■ Record extracts ■
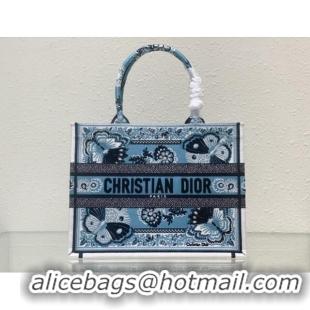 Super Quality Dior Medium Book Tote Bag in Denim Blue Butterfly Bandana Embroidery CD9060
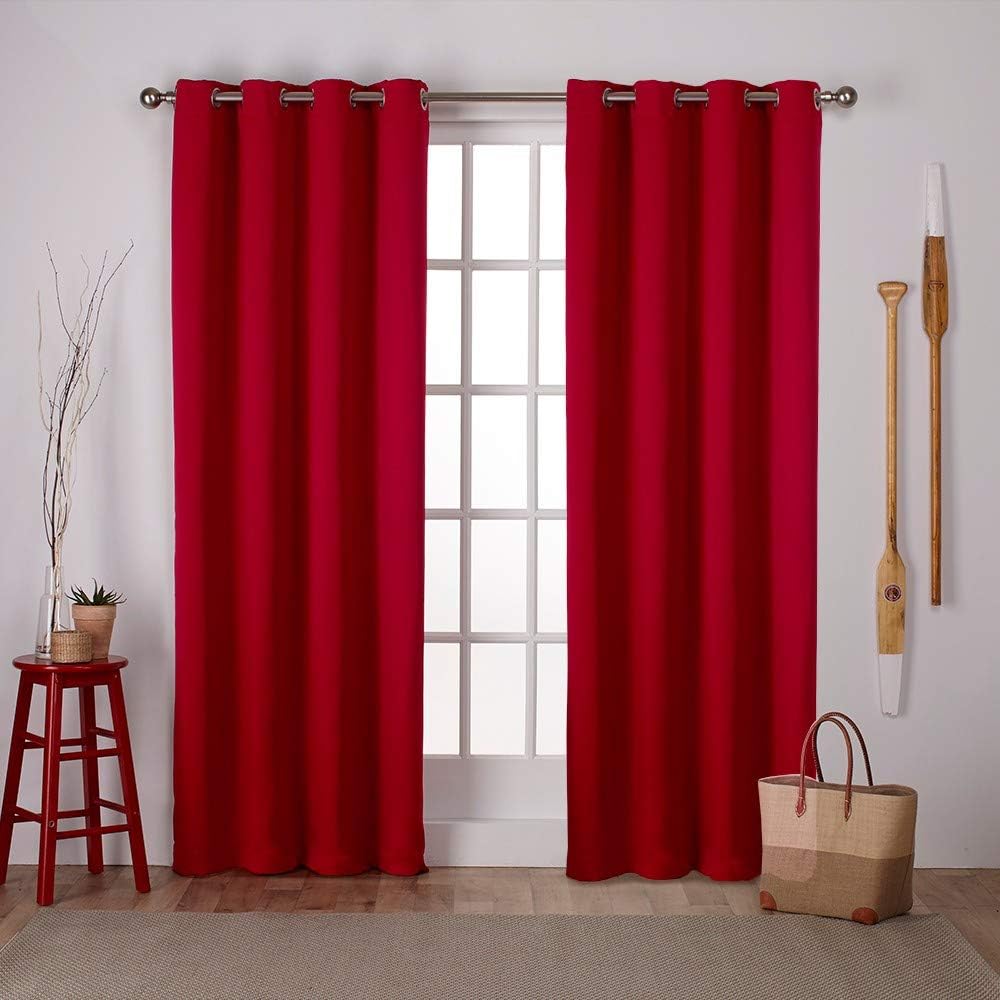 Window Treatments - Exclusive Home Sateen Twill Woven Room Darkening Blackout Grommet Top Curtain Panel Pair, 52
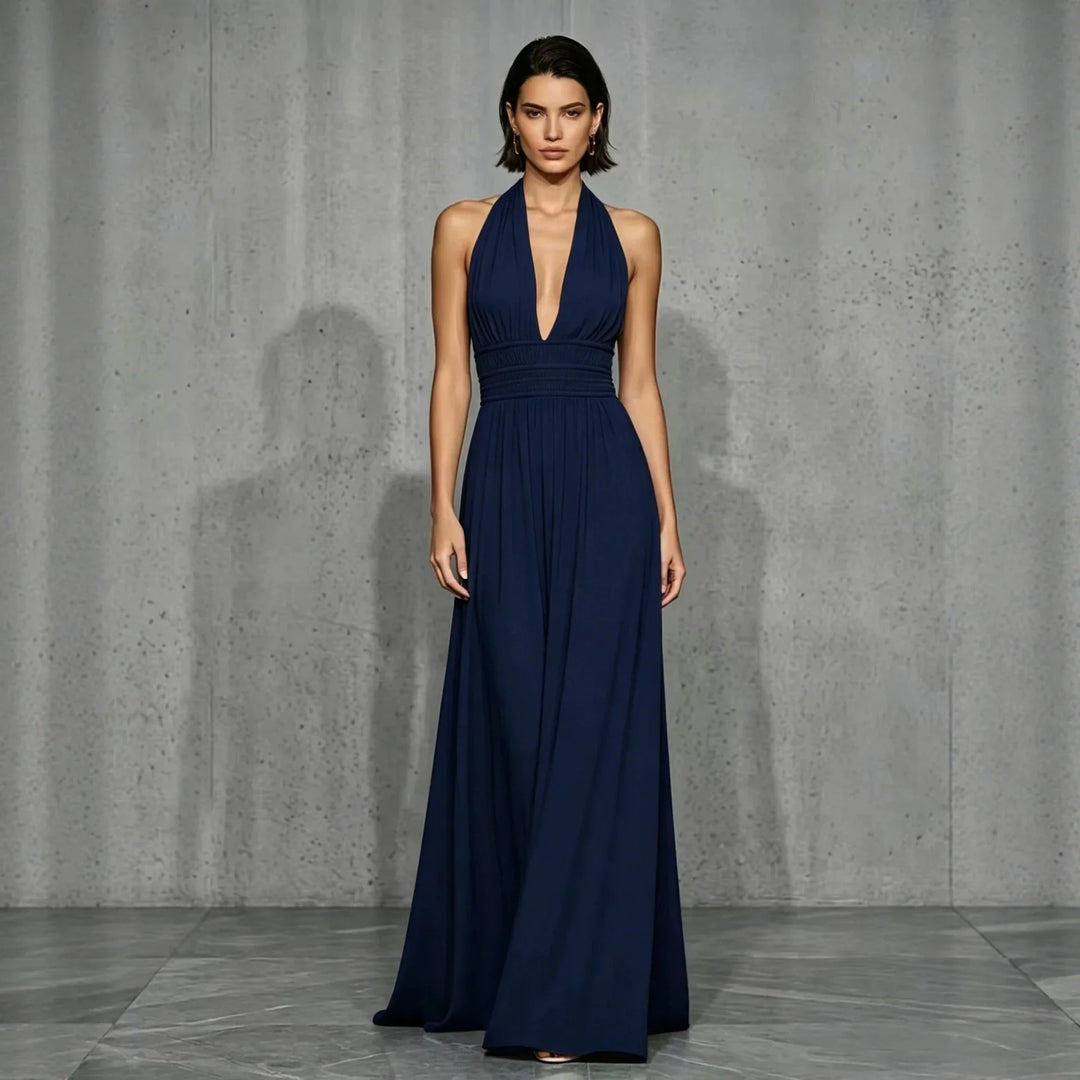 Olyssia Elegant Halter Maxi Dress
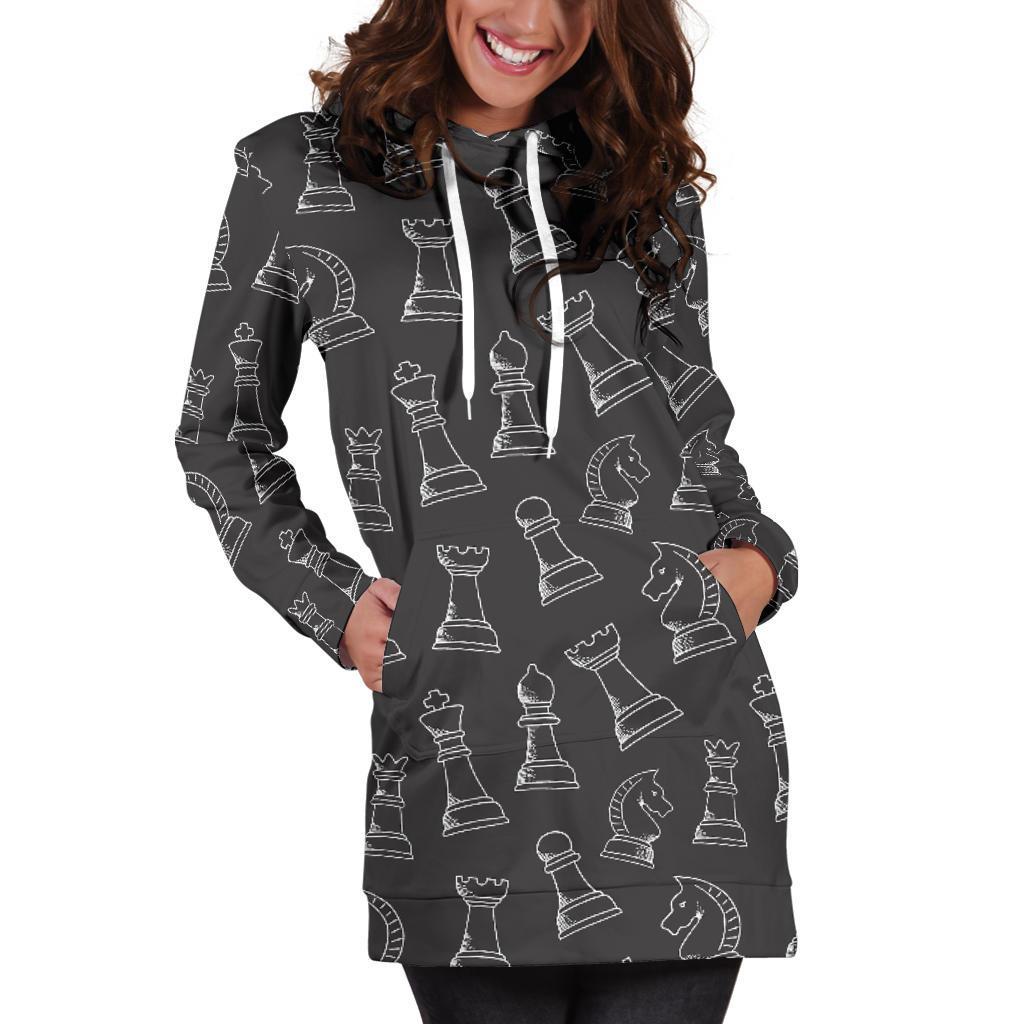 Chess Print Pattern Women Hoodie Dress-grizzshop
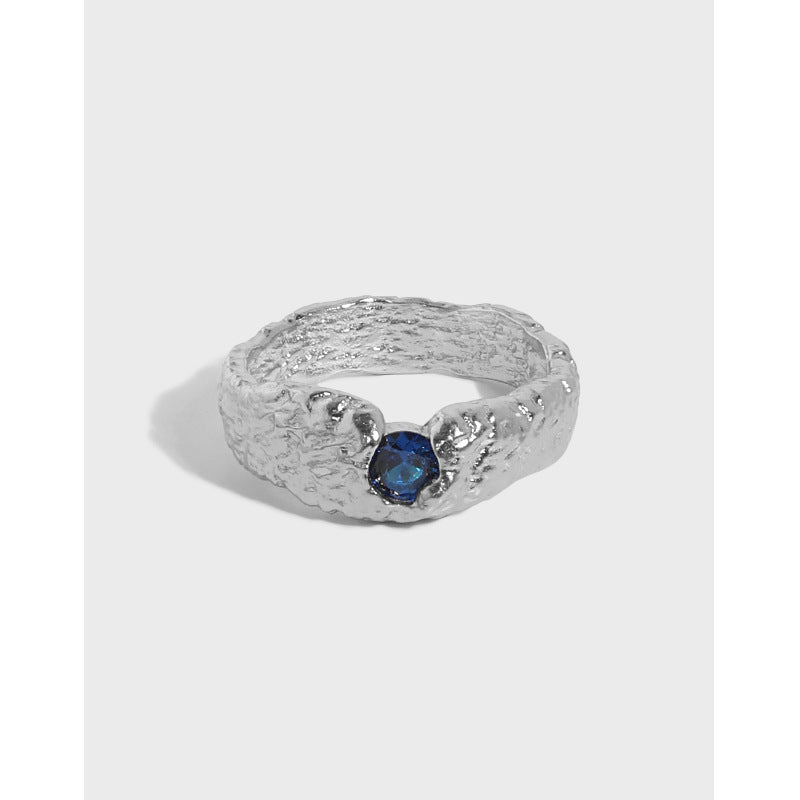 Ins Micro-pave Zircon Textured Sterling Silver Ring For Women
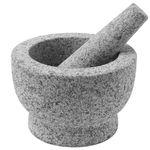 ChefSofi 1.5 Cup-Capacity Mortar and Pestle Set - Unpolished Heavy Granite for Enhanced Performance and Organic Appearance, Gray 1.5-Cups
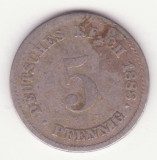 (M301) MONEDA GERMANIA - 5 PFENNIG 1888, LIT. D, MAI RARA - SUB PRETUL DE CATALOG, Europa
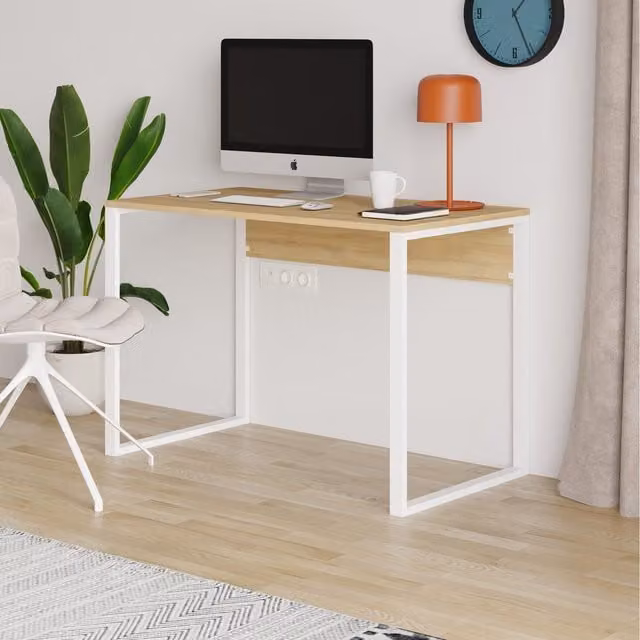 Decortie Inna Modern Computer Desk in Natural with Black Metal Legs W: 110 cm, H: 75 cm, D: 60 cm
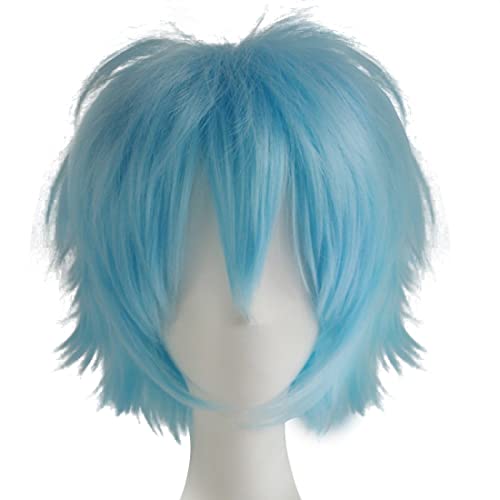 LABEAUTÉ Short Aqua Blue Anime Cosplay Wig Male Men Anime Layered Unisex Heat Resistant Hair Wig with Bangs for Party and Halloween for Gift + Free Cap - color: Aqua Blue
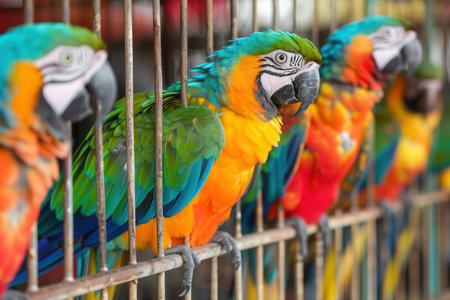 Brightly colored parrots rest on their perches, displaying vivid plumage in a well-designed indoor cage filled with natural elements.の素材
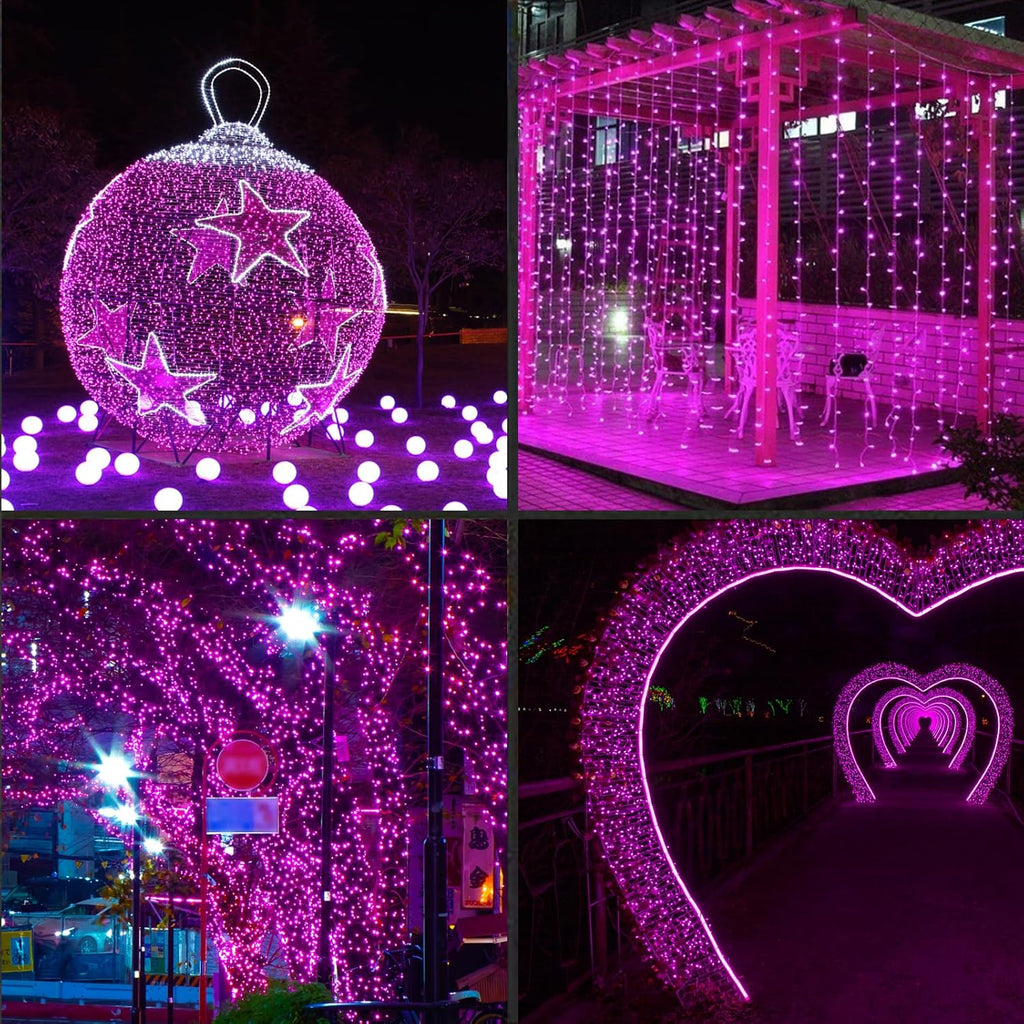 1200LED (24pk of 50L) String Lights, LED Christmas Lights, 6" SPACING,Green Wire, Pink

■ Task to carry out ■
Repeat the entries faithfully. Any picture gets left out.

■ Solution to this task ■
 Super Quality Dior Medium Book Tote Bag in Denim Blue Butterfly Bandana Embroidery CD9060
 Window Treatments - Exclusive Home Sateen Twill Woven Room Darkening Blackout Grommet Top Curtain Panel Pair, 52
 Olyssia Elegant Halter Maxi Dress
 Chess Print Pattern Women Hoodie Dress-grizzshop
 Ins Micro-pave Zircon Textured Sterling Silver Ring For Women
 ChefSofi 1.5 Cup-Capacity Mortar and Pestle Set - Unpolished Heavy Granite for Enhanced Performance and Organic Appearance, Gray 1.5-Cups
 (M301) MONEDA GERMANIA - 5 PFENNIG 1888, LIT. D, MAI RARA - SUB PRETUL DE CATALOG, Europa
 Decortie Inna Modern Computer Desk in Natural with Black Metal Legs W: 110 cm, H: 75 cm, D: 60 cm
 LABEAUTÉ Short Aqua Blue Anime Cosplay Wig Male Men Anime Layered Unisex Heat Resistant Hair Wig with Bangs for Party and Halloween for Gift + Free Cap - color: Aqua Blue
 Brightly colored parrots rest on their perches, displaying vivid plumage in a well-designed indoor cage filled with natural elements.の素材
 1200LED (24pk of 50L) String Lights, LED Christmas Lights, 6" SPACING,Green Wire, Pink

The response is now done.